• _Work instruction_:
Once you find the line with "激光祛斑費(fèi)用4000元" in the entries below, print it and each line after it up to and including the line with "Breast Augmentation Patient", exactly, without pictures.

━━━━━ Study material ━━━━━

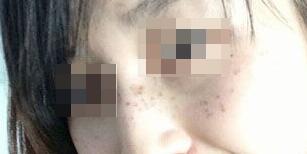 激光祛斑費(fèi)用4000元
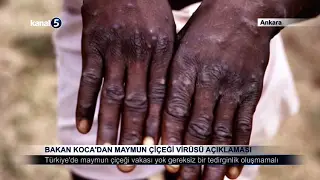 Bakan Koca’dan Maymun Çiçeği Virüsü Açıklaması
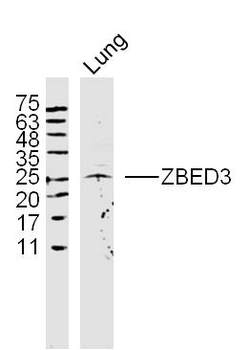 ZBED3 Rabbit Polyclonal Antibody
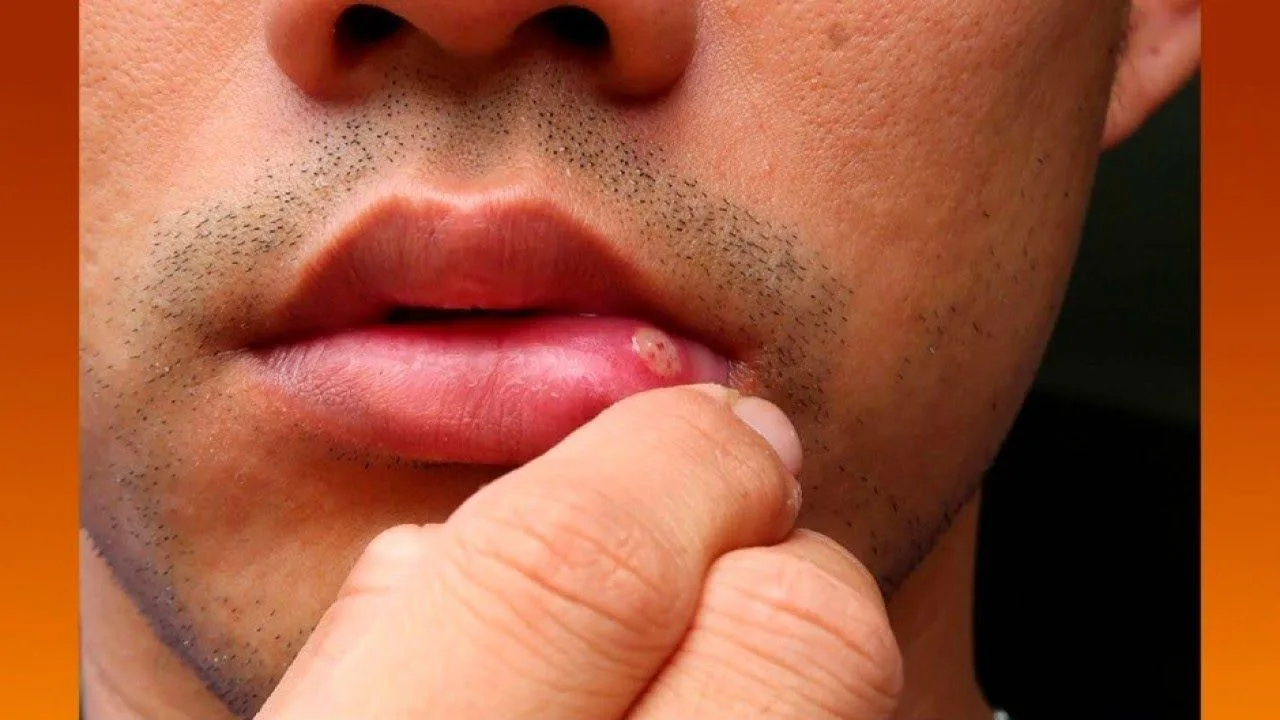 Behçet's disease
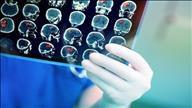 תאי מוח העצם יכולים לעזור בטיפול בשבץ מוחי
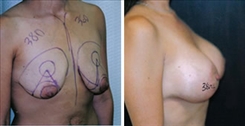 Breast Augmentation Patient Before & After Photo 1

━━━━━
━━━━━ Study material ━━━━━

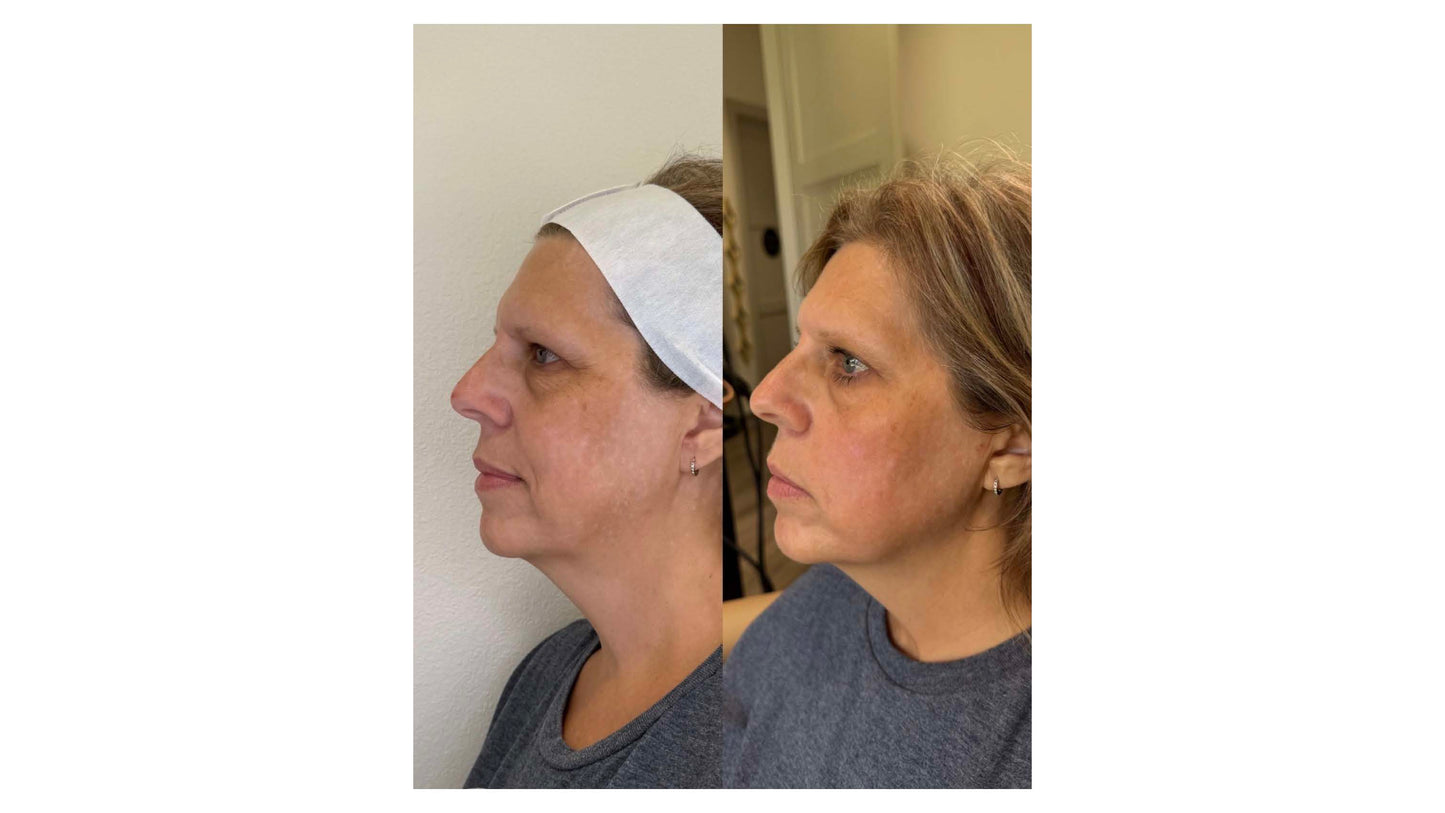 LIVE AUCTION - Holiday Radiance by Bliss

━━━━━
━━━━━ Study material ━━━━━

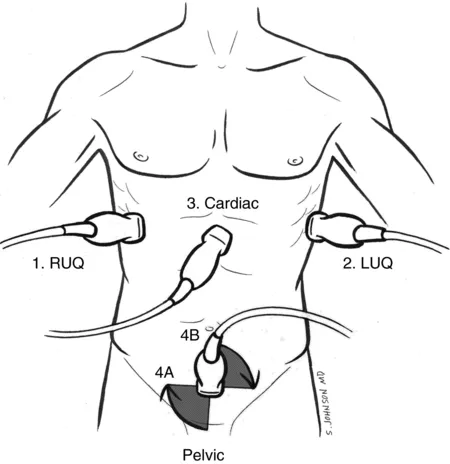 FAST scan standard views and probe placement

━━━━━

• _Task output_:
 激光祛斑費(fèi)用4000元
 Bakan Koca’dan Maymun Çiçeği Virüsü Açıklaması
 ZBED3 Rabbit Polyclonal Antibody
 Behçet's disease
 תאי מוח העצם יכולים לעזור בטיפול בשבץ מוחי
 Breast Augmentation Patient Before & After Photo 1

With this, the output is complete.